It was called On Scene with Dr. Green. It was held at Redan Middle School where some people focused on the Districts proposed General Obligation or GO Bond while others called for an audit to follow the money.

Willie Pringle, with the group Restore DeKalb, was among the first to take the microphone.

"You really need to just because you had no idea what you stepped into," Pringle told Superintendent Dr. R. Stephen Green.

The Superintendent tackled affronts and questions about the proper use of taxpayer money.

Pringle and others believe he and other board members should step down now.

"They need to go because they're not really being true to our taxpayers where our money is going," said Pringle.

He and others are calling for an audit, raised among protestors at an earlier public input session on a proposed 15-year general obligation, GO bond for $265 million for various district infrastructure upgrades, repairs and add ones.

"We welcome any kind of an audit. I think the impression or implication seems to be that the money was somehow siphoned away or lined somebody's pocket or whatever, that is absolutely unequivocally untrue," said Superintendent Green.

He has indicated he'll step down in July of next year after five years after stepping into a troubled district.

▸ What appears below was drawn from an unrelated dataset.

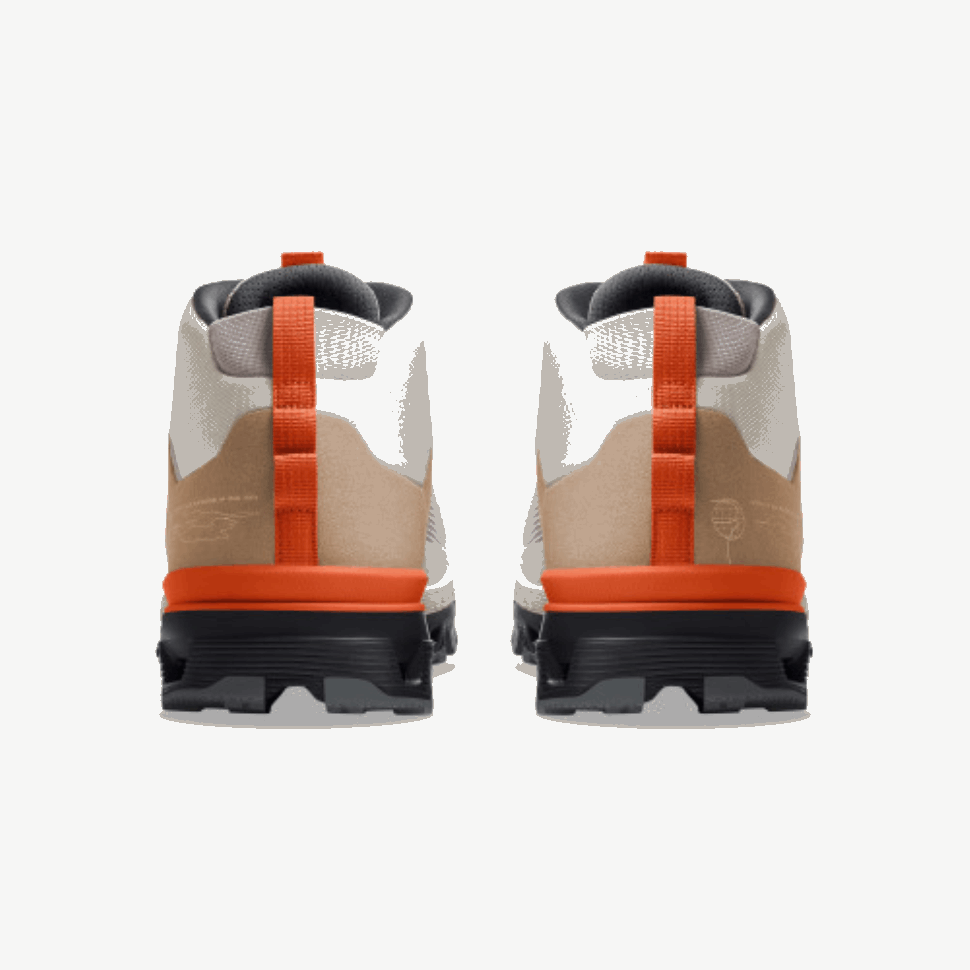 Sulla Corsa Di Cloudtrax Chai-ivory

"There was no curriculum there's now a bonafide curriculum, we were not fully accredited we're now fully accredited, tests scores are on the rise," said Superintendent Green.

Another topic of concern was potential violence after numerous school lockdowns this year in the district.

"My family, I'm afraid to send my kids to school anymore," said one woman at the microphone.

Dr. Green said he hopes to bring in various new security measures before he leaves.

"I see all of it not just what happens every day but I see what's happening at other schools," he told the crowd.

However, he would not say what his next chapter will be after he leaves the district.

"I will announce it when the time is time," he said.

Dr. Green said Thursday nights On Scene with Dr. Green was the first of seven for the year.